2. You can travel overland even if you’re not a mechanic. Car troubles are an inevitable part of overland travel (unless you have a 1988 Toyota Land Cruiser, that is!). Yes, it’s helpful to know a thing or two about engines and suspensions and breaks, but it’s not as imperative as you think. There is always someone there to help. In Africa, we’d stop in seemingly isolated places, and people would pop out from behind bushes and hills within minutes. In the Middle East, whenever we’d get caught in the sand, I could snap my fingers and a group of men would miraculously show up to help us out. In most of the third-world, car mechanics can do wonders with very little material, and they cost a fraction of what a repair in Europe or North America would cost.
3. You can get good emergency medical care in the third world. Ok, I’m not going to lie that calling an ambulance isn’t always as easy as simply dialling 911 and waiting a few minutes. But even in countries without public emergency health care there are private companies that can help in emergencies if you do a little research. Bruno’s only car accident was in Pakistan, and it was a bad one (he should have died). Instead, he woke up in a hospital being overseen by an anonymous local man who’d taken it upon himself to act as a guardian angel for this unfortunate visitor. Because of the care he received, Bruno walked away from the accident with only a few scars.
As with health, it’s a good idea to exercise caution when traveling abroad in order to remain as safe as possible.

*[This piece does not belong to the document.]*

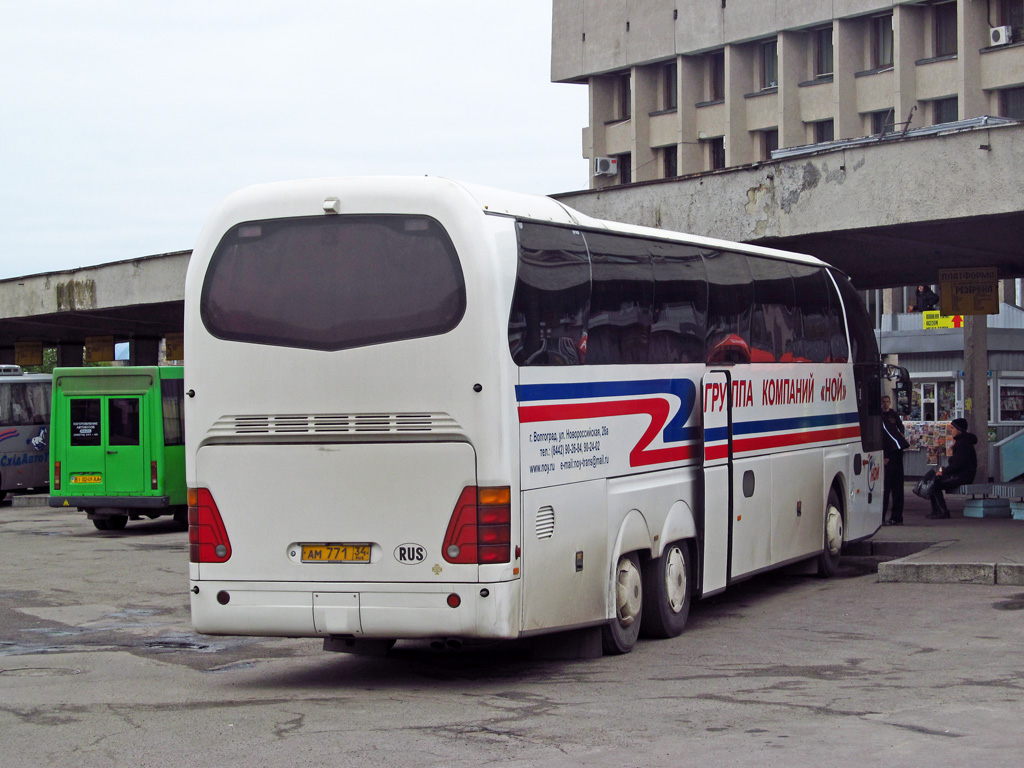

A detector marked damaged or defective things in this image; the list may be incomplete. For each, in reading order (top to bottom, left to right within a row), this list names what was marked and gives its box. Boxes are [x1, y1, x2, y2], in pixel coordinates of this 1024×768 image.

Here is our quick list of advice to limit safety risks during travel:
1. Do your research before choosing a destination. Visit online forums of people who’ve recently been to the country you’re eyeing. If you’re in a nearby country, talk to other travelers, guesthouse owners, and travel agents. Don’t pay too much heed to official government website warnings – they are unnecessarily cautious.
2. Be reasonable in your destination choices. We didn’t visit Syria this trip, or even the Democratic Republic of Congo. But we did decide to go to Burundi last year (before things got bad again) based on our on-the-ground research. We don’t play daredevil with our destination choices because there are plenty of amazing safe countries to visit.
3. Let someone know where you are. That might be an embassy (you can register with your country’s embassy if you want, though we never do) or it might be your mom (that’s what we do). There are even new GPS technologies you can buy that can send an SOS signal to someone with your exact location.
4. Limit your risks. Avoid going out late at night, sidestep shady parts of town, and limit time in cities (where most safety risks exist). Drink responsibly, or drink in your hotel or campsite. Don’t leave valuables out, and don’t wear too much bling-bling. You get the idea.
5. Listen to your inner-radar. If you’re getting a weird vibe from a person or place, listen to your gut. If the bungee-jump rope you’re tied to looks ratty, untie yourself. Again, you get the idea.
6. Recognize that your safety risks abroad are similar to those at home. So, don’t do anything abroad that you wouldn’t do in your own country!
To sum up today’s very long post: most of the health and safety questions we get come down to “What if…?” questions. While it’s valuable to consider the possible scenarios you might find yourself in so that you can mentally prepare your reactions, at the end of the day, throw your “what if” questions out the window. Don’t worry too much – you’ll figure it out when you need to.